Most senior people look for job satisfaction that comes from being able to innovate and having autonomy. Most importantly, getting the respect and recognition that they earned with years of hard work. In other words, you need to withdraw and give them the stage and lime light.

Lastly, it may be that your organization is simply a "feeder" group that people typically use as a stepping stone for other opportunities. Be proud of that and use it to your advantages. You can motivate staff with it and establish rapport with other "recipient managers" to place your talents in favorable positions.

Friday Apr 20, 2007

When Opportunities Knock...

Question: Please help me to make a choice. I have two team members who are in very similar positions. They have similar education backgrounds, similar technical skills and communication skills. They both have the potential to develop into senior engineers. Now there is an opportunity for someone to take on more responsibility, deal with bigger challenges and learn more advanced skills. The one that doesn't get it this time will have to wait around for similar things to come up next time. How should I decide which one to pick this time?

Amiram: Let's start with a disclaimer. If indeed the two engineers are identical in all aspects, then the only way to make a fair decision will be arbitrary or random. However, it is extremely unlikely that two independent persons are identical. Even identical twins aren't identical. Therefore, the only way to make an informed decision is to use more criteria. You have mentioned education, technical skills, communication, potential. What about ratings, teamwork, actual deliverable, published papers, patents, coaching of others, curiosity, ability and willingness to explore, problem solving, elegance of solutions, quality, productivity..
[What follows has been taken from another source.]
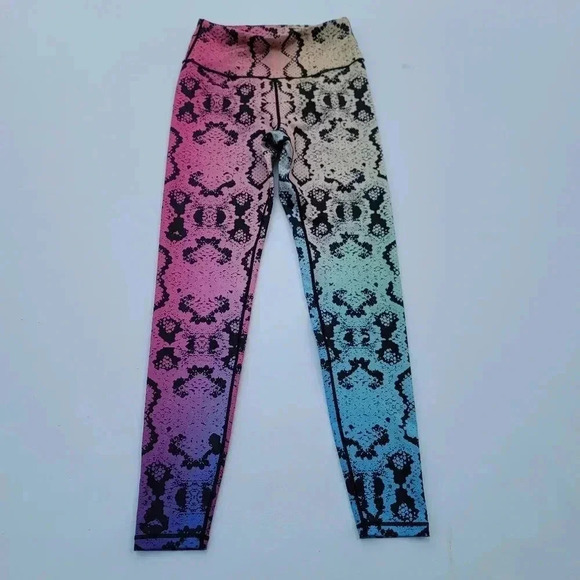 Yelete Active Black Pink Multi Women's Snakeskin Print Leggings Stretch sz Small - Picture 1 of 7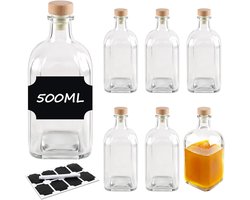 Glazen flessenset 500 ml - duurzaam en stijlvol - set van 6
Prepare a table with as many criteria as you need, rate the two engineers 1-5 in each criteria, and if you still have a draw - expand the criteria until you get a satisfactory answer. Otherwise, throw a dice.

Mike: You can deal with this as if you were hiring someone. Look at what the opportunity needs and the job characteristics required for someone to be successful at the position. By matching the candidates against the job requirements, I can almost guarantee that the two people wouldn't come out equally.

In general the people that are busiest are the ones that can take on more responsibilities. So pick the one that produces the most.

Sin-Yaw: The best opportunity a manager can give to an engineer is the freedom to innovate, not an assignment that appears to be popular at the time. The best engineer is the one who out-innovates others and has the tenacity to see things through. If both are good engineers, tell both of them to come up with good ideas and, equally important, a plan to prototype and productize the ideas. You then fund the better plan (not the better idea) and give the "opportunity" you talk about to the other one.